Gold prices have risen above $4,050 due to concerns over global growth and uncertainties regarding the US economic outlook, spurred by weak US private jobs data and a downbeat University of Michigan Consumer Sentiment Index. Lower interest rates could support gold, as they reduce the opportunity cost of holding the non-yielding metal.
Conversely, potential resolution of the US government shutdown may weaken safe-haven demand for gold. US senators are deliberating a deal that may conclude the longest government shutdown on record, while eased US-China trade tensions might also impact gold’s price in the near term.
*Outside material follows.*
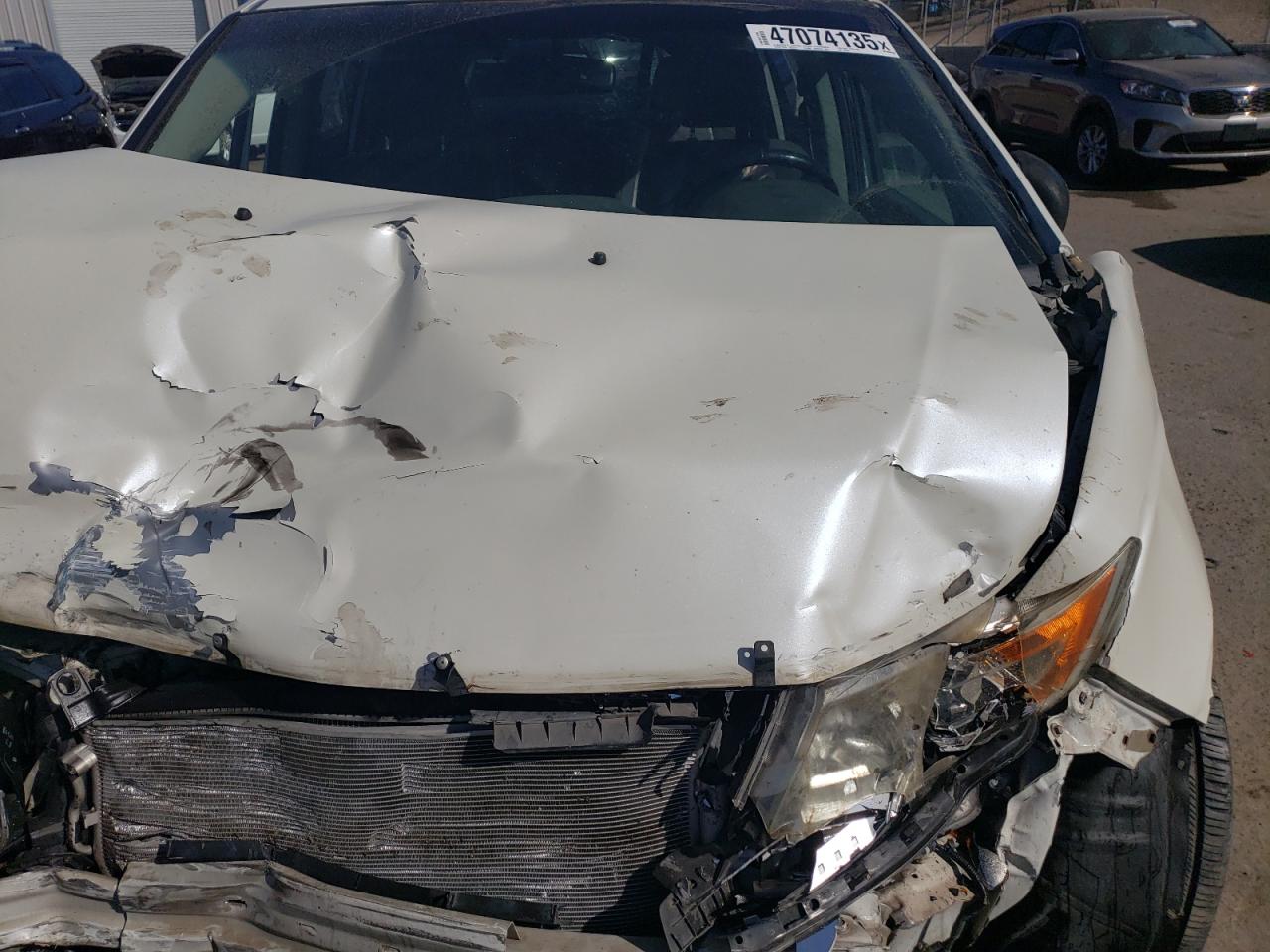 2012 Honda Odyssey - Image 13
Investors Review Economic Indicators
Investors are examining US Consumer Price Index inflation data, expected to show a 0.2% monthly rise in October. The core CPI is projected to increase by 0.3% in the same period, and attention will turn to US Retail Sales later this week.
Gold trades positively, maintaining bullish momentum above the 100-day Exponential Moving Average with a 14-day Relative Strength Index above 55. Sustained trading above $4,161 could push prices toward the $4,200 level, while persistent trading below $4,000 might signal a bearish shift towards $3,835 or even $3,705.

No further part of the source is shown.